Dans les Balkans occidentaux, plusieurs producteurs d’armes ont également été impliqués dans l’exportation de leurs propres marchandises vers l’Ukraine depuis février, mais les détails – contrairement à l’Europe centrale et orientale – sont restés secrets.

Tous les pays de la région ont une expertise de longue date dans les armes de doctrine orientale, ayant été sous des gouvernements socialistes et communistes pendant la guerre froide, a déclaré Vuk Vuksanović, chercheur principal au groupe de réflexion du Centre de Belgrade sur la politique de sécurité, à Euronews.

« Il y a un besoin évident d’armes de style socialiste et de style soviétique, qui ne sont accessibles qu’en Europe de l’Est, et ces stocks ont été largement épuisés en raison de la guerre de haute intensité en Ukraine », a déclaré Vuksanović.

« Cela génère le besoin de passer à des armes de style occidental, ce qui est toujours un processus difficile même en temps de paix. »

« Néanmoins, il y a toujours une chasse aux fournisseurs potentiels qui peuvent fournir (ce type d’) armement à l’Ukraine », a-t-il déclaré.
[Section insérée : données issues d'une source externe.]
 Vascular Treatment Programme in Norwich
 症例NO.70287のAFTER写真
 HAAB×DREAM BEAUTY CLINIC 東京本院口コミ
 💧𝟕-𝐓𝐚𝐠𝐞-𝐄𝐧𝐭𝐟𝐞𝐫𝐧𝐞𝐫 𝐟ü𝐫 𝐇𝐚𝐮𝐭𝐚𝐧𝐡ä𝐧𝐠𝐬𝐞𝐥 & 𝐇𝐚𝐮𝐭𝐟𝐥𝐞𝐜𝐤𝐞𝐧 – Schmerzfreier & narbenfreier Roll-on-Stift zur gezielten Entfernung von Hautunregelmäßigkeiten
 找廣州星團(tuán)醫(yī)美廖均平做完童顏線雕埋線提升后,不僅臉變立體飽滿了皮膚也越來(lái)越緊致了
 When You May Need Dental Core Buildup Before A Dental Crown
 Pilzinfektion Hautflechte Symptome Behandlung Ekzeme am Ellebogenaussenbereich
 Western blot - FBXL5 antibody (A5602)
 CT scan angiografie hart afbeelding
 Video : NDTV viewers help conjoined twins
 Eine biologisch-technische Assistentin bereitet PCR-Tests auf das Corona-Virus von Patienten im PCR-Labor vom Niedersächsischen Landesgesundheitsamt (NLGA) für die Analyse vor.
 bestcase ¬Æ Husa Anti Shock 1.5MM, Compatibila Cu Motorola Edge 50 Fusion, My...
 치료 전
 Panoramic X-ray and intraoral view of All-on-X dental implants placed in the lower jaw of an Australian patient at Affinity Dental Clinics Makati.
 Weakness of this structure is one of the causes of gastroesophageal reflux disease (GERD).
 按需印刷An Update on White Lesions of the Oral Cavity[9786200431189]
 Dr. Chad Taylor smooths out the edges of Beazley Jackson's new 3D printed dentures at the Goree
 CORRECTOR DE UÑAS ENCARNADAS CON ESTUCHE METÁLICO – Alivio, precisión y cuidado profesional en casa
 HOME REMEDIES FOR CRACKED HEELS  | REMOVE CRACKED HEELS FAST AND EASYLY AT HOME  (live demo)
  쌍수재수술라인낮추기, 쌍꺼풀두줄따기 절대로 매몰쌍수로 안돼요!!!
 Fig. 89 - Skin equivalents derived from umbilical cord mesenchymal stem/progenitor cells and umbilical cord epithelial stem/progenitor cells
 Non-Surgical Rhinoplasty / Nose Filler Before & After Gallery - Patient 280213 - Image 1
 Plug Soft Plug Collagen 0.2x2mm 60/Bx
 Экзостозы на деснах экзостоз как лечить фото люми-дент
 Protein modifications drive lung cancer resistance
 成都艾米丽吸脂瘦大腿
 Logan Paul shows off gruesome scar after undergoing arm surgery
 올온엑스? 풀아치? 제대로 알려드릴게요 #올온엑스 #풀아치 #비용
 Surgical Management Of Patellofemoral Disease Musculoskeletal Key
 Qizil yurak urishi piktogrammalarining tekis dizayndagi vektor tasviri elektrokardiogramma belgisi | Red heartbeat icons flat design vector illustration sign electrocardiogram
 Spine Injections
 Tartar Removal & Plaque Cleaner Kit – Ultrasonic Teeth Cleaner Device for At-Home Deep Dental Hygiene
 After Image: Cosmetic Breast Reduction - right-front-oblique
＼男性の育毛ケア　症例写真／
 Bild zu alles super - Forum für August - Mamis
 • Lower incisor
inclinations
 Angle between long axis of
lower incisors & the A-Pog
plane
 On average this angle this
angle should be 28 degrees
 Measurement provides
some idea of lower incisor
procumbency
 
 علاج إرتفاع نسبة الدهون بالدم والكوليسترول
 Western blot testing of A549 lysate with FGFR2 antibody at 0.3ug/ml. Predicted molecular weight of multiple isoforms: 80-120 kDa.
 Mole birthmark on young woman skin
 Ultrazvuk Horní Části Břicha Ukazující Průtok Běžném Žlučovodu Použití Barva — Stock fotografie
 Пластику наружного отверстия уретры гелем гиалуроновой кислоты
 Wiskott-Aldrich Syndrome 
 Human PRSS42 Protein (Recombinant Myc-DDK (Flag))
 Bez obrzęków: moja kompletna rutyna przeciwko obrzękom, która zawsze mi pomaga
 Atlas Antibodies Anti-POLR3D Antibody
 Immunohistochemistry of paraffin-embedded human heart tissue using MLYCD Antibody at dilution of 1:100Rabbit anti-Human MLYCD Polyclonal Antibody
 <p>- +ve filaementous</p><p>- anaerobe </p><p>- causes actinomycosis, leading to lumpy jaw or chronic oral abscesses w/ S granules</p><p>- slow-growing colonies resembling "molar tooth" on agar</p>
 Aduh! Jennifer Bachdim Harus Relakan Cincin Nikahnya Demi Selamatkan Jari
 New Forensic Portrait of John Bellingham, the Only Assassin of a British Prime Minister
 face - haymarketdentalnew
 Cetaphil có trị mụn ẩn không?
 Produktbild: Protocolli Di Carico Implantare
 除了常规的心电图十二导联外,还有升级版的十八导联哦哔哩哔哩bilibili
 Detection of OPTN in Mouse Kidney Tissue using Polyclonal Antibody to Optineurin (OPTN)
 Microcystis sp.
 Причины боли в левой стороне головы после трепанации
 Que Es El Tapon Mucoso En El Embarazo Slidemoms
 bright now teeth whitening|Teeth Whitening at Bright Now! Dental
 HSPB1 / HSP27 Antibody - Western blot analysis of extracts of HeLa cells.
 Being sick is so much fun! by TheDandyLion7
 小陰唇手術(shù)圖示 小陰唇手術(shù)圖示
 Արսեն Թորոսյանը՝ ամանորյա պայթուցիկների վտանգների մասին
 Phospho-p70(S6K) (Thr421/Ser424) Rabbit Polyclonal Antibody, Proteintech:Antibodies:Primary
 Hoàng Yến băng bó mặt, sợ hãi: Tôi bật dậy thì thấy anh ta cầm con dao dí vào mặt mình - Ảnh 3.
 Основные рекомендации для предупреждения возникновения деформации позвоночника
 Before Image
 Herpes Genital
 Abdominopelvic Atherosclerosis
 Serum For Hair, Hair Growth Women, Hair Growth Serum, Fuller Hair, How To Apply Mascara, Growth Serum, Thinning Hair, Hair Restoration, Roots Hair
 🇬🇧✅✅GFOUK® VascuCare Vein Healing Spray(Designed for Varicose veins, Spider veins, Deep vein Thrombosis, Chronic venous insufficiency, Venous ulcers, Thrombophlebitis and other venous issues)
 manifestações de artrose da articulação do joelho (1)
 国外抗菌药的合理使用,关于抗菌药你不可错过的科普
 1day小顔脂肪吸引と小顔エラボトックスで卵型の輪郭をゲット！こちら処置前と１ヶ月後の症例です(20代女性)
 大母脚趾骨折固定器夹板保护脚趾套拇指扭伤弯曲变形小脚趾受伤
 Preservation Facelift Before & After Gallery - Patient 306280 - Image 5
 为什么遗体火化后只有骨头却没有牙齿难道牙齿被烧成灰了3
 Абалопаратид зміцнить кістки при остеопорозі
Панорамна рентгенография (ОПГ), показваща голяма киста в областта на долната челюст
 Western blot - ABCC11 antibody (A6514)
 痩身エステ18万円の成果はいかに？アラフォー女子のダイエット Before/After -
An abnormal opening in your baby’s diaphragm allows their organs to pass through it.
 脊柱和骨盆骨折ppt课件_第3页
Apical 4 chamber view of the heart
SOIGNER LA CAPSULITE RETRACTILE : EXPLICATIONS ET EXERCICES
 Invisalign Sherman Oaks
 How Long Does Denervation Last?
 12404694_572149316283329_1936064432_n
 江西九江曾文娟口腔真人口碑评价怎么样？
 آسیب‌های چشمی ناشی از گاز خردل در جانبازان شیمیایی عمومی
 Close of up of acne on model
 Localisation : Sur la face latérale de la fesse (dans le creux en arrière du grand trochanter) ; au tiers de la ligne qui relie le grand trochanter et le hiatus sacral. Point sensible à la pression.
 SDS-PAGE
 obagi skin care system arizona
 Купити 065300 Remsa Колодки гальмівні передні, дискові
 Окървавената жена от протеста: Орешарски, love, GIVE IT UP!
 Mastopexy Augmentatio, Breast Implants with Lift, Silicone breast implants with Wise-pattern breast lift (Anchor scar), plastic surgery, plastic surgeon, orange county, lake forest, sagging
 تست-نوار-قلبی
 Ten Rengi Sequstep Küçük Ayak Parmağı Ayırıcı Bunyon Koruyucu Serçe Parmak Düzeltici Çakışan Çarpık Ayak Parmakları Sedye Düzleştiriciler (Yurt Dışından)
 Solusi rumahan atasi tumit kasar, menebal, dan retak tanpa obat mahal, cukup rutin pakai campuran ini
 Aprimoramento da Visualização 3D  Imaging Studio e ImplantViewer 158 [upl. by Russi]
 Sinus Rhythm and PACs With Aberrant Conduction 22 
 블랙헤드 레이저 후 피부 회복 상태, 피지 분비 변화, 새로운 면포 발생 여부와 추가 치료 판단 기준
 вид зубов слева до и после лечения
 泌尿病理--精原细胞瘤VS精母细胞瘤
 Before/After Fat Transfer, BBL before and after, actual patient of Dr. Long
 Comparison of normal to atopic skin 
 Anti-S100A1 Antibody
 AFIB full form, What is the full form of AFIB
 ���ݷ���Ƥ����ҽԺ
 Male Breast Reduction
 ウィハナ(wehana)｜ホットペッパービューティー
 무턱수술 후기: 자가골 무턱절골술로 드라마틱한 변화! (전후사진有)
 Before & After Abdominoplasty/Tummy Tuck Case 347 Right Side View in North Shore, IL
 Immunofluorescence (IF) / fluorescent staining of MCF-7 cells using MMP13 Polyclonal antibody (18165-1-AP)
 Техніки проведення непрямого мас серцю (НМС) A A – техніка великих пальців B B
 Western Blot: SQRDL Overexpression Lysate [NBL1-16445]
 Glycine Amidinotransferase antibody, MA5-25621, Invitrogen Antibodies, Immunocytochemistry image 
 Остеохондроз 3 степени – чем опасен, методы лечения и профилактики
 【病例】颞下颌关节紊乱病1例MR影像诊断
Bien qu’elle ne soit pas derrière le rideau de fer, la République fédérative socialiste de Yougoslavie était connue pour produire des armes – à la fois des copies sous licence de celles soviétiques et ses propres variantes – et les exporter, principalement vers des pays africains.

Après l’éclatement de la Yougoslavie dans les années 1990, ses anciens États membres ont depuis continué à produire ces armes et à en concevoir de nouvelles en utilisant les mêmes normes.

D’autres, comme l’Albanie, étaient également au courant de la technologie militaire soviétique et chinoise, car le dictateur communiste Enver Hoxha a changé d’alliance jusqu’à isoler complètement le pays – mais la production d’armes n’a jamais cessé.

Désormais membre de l’OTAN, l’Albanie a confirmé avoir envoyé aide militaire à l’Ukraine dès juin, a rapporté le point de vente national de vérification des faits Faktoje.

Le 21 août, quatre Tchèques, deux Russes et un Ukrainien ont été arrêtés lors de deux incidents distincts impliquant de l’espionnage présumé d’usines de munitions et de dépôts d’armes dans le sud de l’Albanie.

Les Tchèques ont été libérés, tandis que le trio russo-ukrainien a été jugé pour avoir pris des photos de l’installation de Poliçan. De plus, les trois hommes auraient blessé deux gardes militaires avec du gaz poivré dans une tentative d’échapper aux autorités.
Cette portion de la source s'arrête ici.